Start of Block
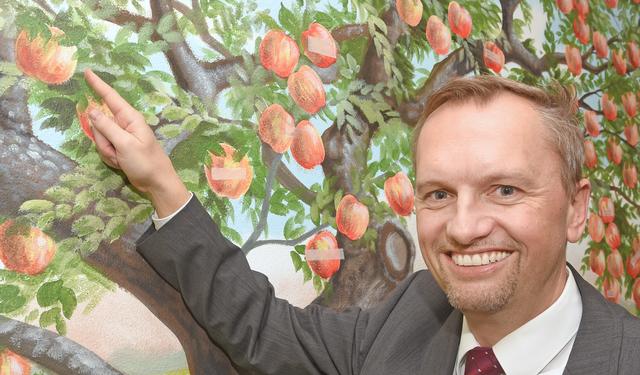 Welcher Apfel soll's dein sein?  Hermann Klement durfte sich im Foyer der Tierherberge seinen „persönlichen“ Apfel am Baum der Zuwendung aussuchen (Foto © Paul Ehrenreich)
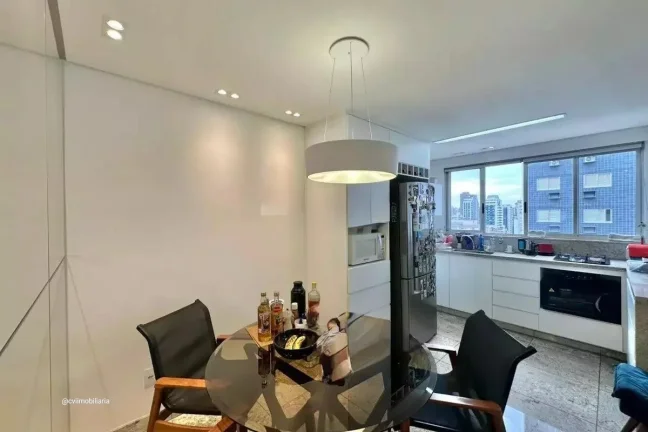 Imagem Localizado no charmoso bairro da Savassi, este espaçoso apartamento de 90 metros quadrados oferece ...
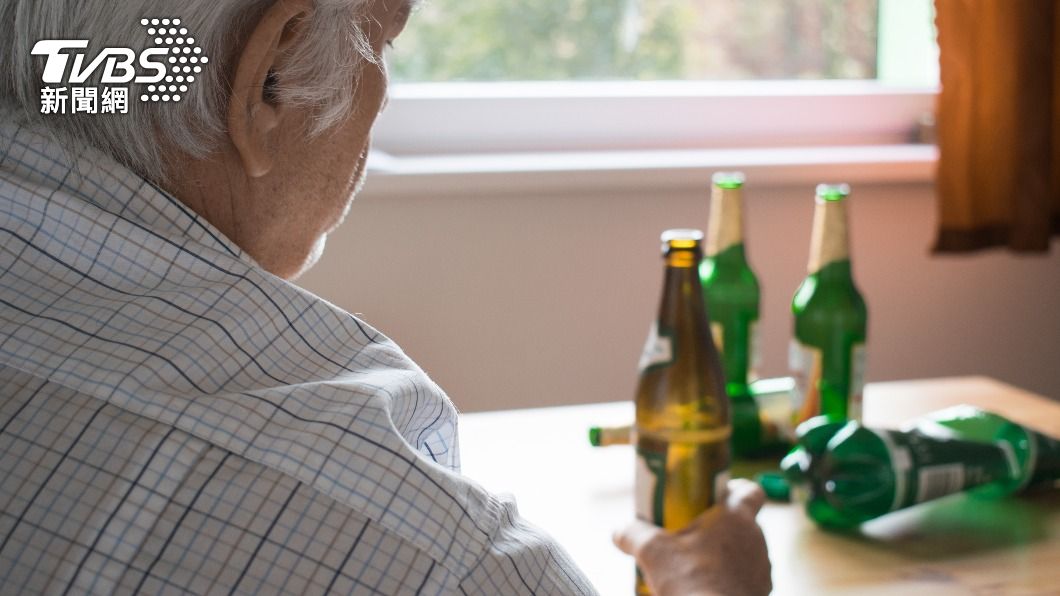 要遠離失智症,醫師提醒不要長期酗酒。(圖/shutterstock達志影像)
End of Block
Start of Block
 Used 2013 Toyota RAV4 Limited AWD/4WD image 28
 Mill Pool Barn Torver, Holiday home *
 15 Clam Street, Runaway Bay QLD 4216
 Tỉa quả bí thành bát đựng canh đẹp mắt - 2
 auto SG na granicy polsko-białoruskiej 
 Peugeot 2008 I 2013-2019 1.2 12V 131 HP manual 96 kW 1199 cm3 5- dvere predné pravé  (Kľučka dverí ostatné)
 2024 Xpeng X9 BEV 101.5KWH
End of Block
Start of Block
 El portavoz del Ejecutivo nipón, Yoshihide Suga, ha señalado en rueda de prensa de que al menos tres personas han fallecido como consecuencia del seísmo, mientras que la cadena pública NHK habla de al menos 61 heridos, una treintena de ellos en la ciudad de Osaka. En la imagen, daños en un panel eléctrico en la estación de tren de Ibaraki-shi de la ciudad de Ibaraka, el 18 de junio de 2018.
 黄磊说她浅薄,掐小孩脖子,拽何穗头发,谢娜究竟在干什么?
End of Block
• [DESCRIPTION OF THE TASK]: Quote word for word only the lines above from the one containing "Welcher Apfel soll's" through the one containing "要遠離失智症,醫師提醒不要長期酗酒。(圖/shutterstock達志影像)". Pictures stay out of your copy.

• [TASK ANSWER]:
 Welcher Apfel soll's dein sein?  Hermann Klement durfte sich im Foyer der Tierherberge seinen „persönlichen“ Apfel am Baum der Zuwendung aussuchen (Foto © Paul Ehrenreich)
 Imagem Localizado no charmoso bairro da Savassi, este espaçoso apartamento de 90 metros quadrados oferece ...
 要遠離失智症,醫師提醒不要長期酗酒。(圖/shutterstock達志影像)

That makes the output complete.